Selasa, 20 Oktober 2020

Islam Aktual dan Islam Potensial

 Ngainun Naim

 


Indonesia adalah negara dengan jumlah penduduk Muslim terbesar di dunia. Di bandingkan Saudi Arabia sekali pun, jumlah kaum Muslim Indonesia tetap lebih besar. Namun demikian, jumlah yang banyak tidak selalu mencerminkan bahwa ajaran Islam telah diaplikasikan secara baik dalam kehidupan sehari-hari. Sebab realitas menunjukkan bahwa ajaran Islam banyak yang dilanggar oleh umat Islam sendiri.

Salah satu contohnya disiplin. Menepati janji dan menepati waktu merupakan salah satu ajaran Islam yang termaktub dalam al-Qur’an. Ritual-ritual Islam juga sarat dengan ajaran disiplin. Shalat misalnya, harus dilaksanakan pada waktu yang telah ditentukan. Demikian juga, sahnya shalat juga telah ditentukan. Mereka yang melanggar ketentuan ini tidak akan sah shalatnya. Ajaran disiplin pada ibadah shalat telah melingkupi hidup seorang Muslim, minimal lima kali sehari semalam. Tetapi disiplin dalam ajaran shalat ini tidak bergerak ke tataran aplikasi kehidupan yang lebih luas. Selesai shalat, selesai juga ajaran disiplinnya.

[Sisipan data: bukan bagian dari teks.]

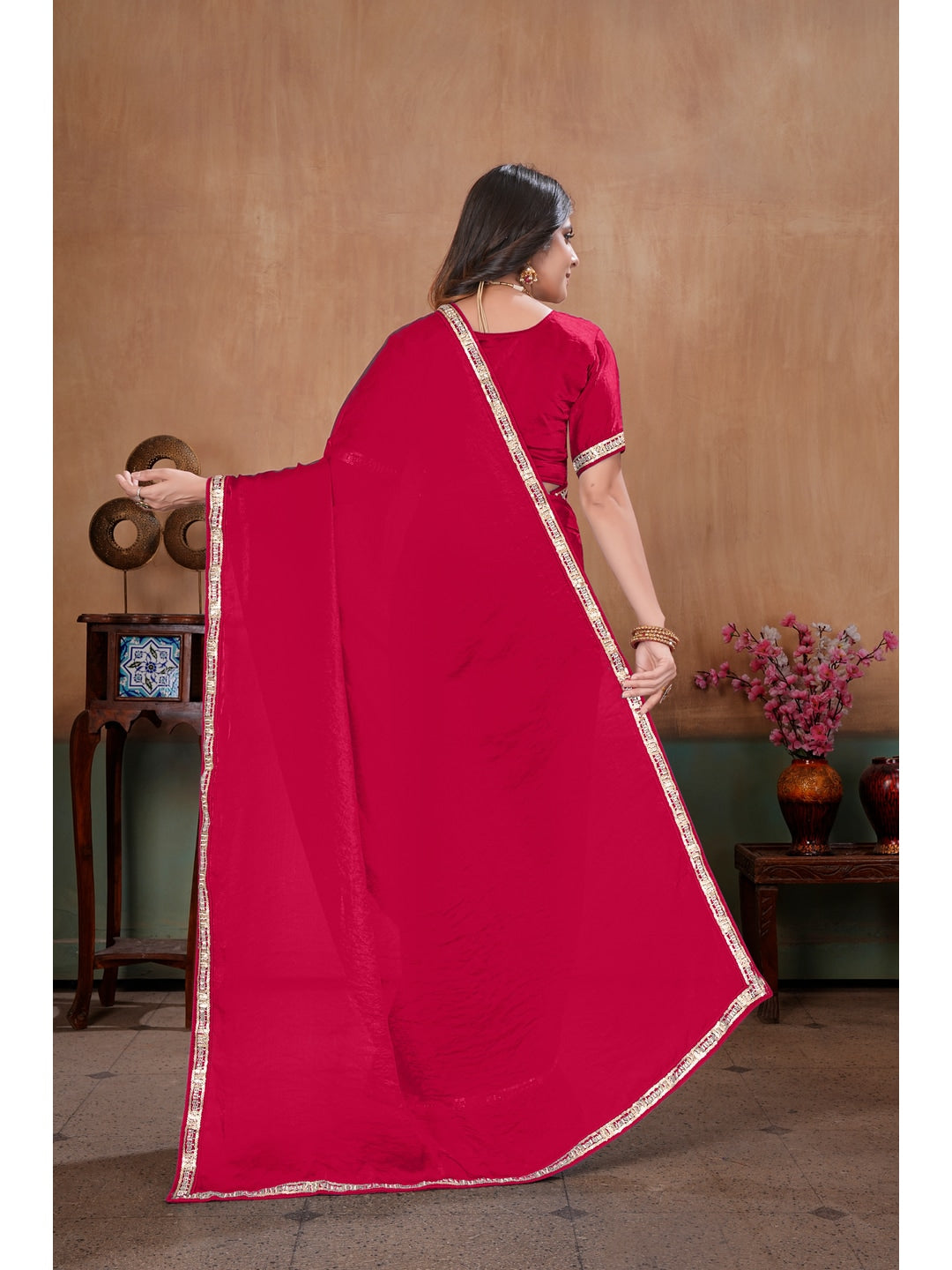 Peachmode Rani Pink Embroidered Fendy Satin Saree With Stitched Blouse - Image 3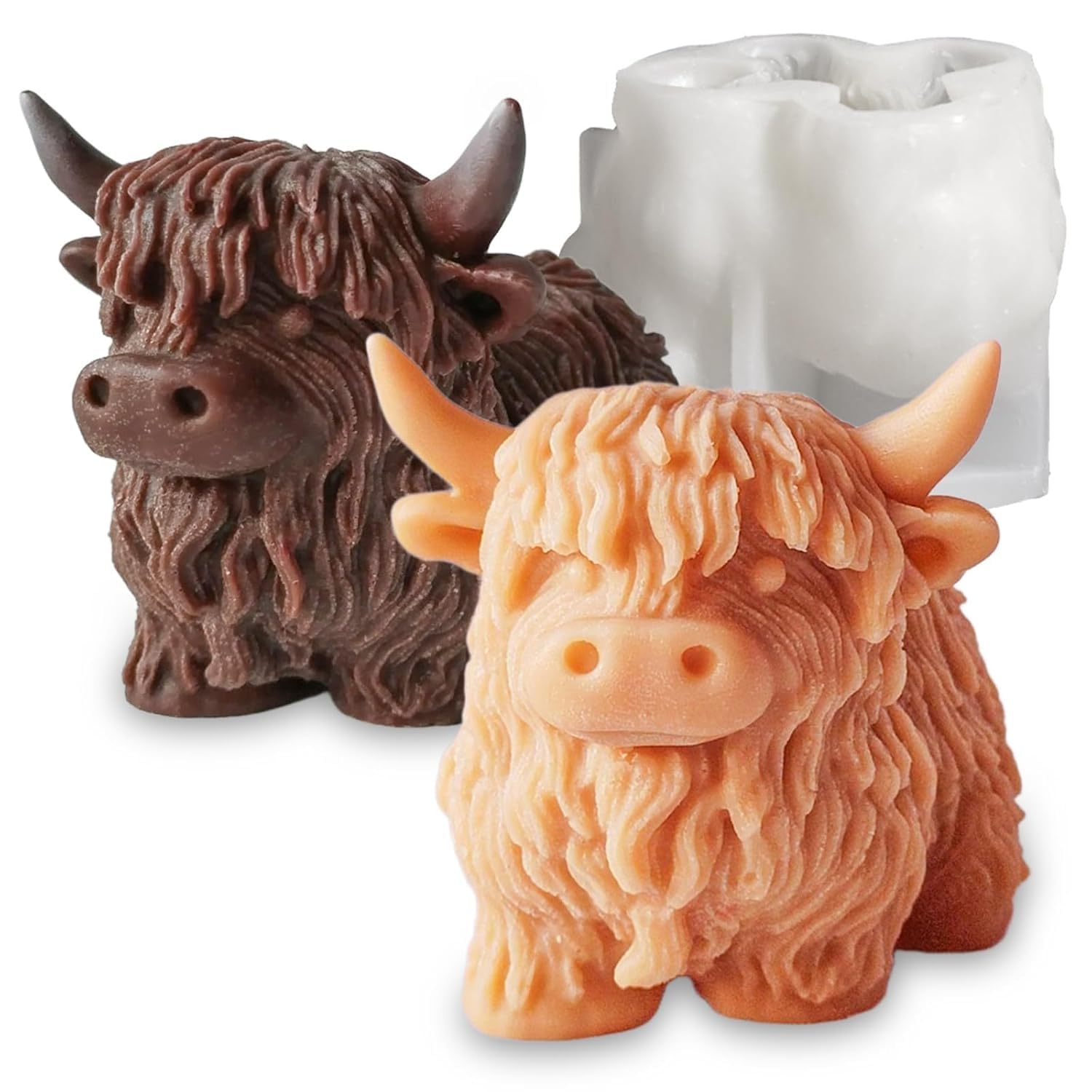 Cow Candle Mold Silicone Cattle Animal Soap Molds for DIY Candle Making Wax Melts Polymer Clay Cute Handmade Soap Molds Jungle Safari Theme Cake Decoration Chocolate Molds-image-18
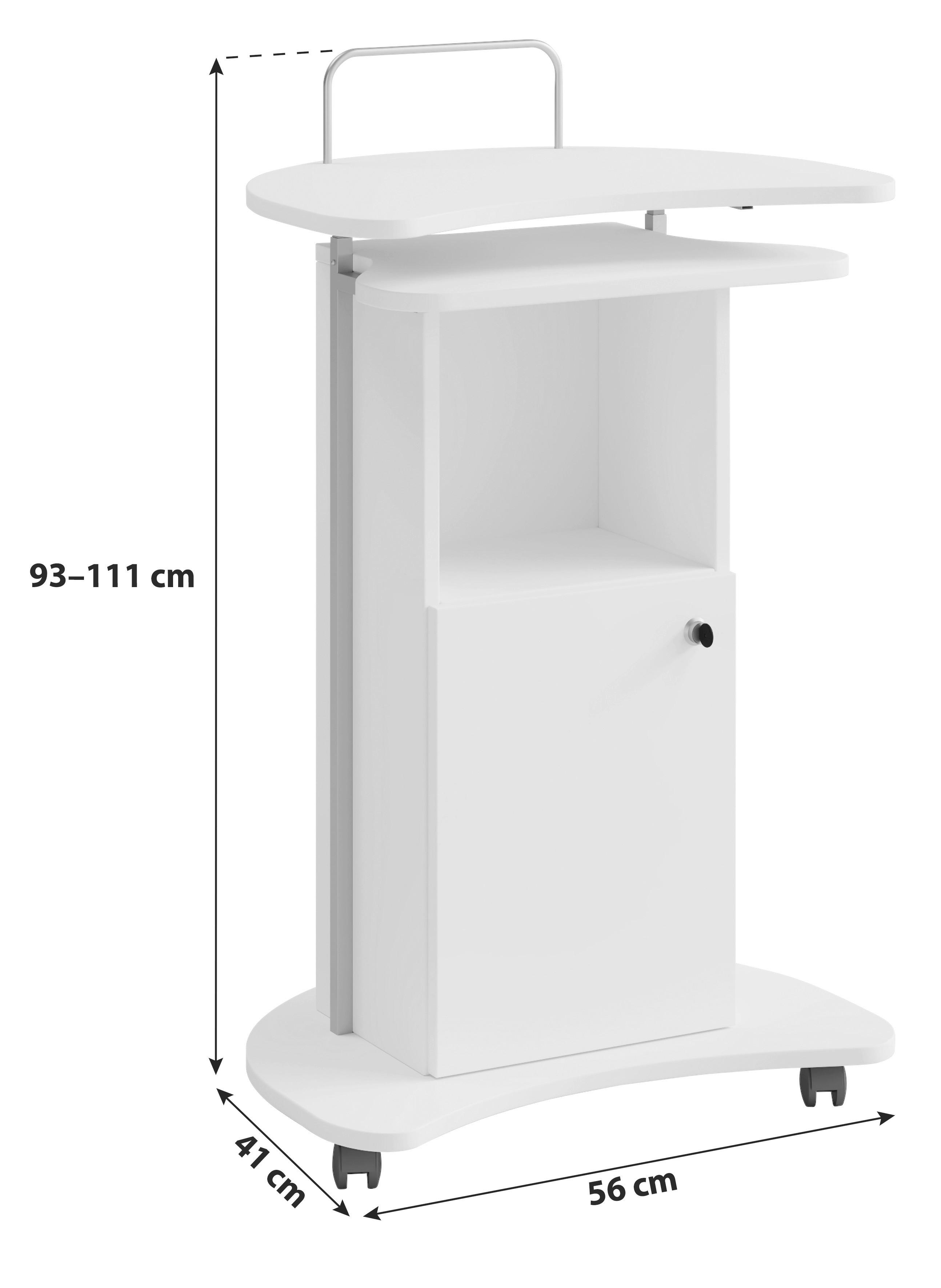Stehpult mit Stauraum + Rollen B 56 H 12 cm Komil Buche Dekor - Buchefarben, Basics, Holzwerkstoff (56/41/93cm) - MID.YOU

Puasa juga contoh ibadah yang sarat dengan kedisiplinan. Makan waktunya diatur. Siang hari harus berdisiplin diri yang kokoh untuk tidak makan, tidak minum, dan berhubungan seks. Puasa Ramadhan selama sebulan penuh merupakan wahana disiplin yang luar biasa. Tempaan ajaran ini seyogyanya mampu membentuk kepribadian yang sarat dengan kedisiplinan. Namun realitasnya tidaklah semacam itu.

Jika bicara disiplin, tampaknya umat Islam—khususnya di Indonesia—sangat jauh dari ideal. Ketidakdisiplinan menjadi pemandangan yang sangat biasa. Baru pulang shalat dari masjid dengan naik sepeda motor tanpa helm, misalnya. Ketika sampai di perempuan yang ada traffic light-nya langsung belok kiri, padahal jelas ada rambu yang melarangnya.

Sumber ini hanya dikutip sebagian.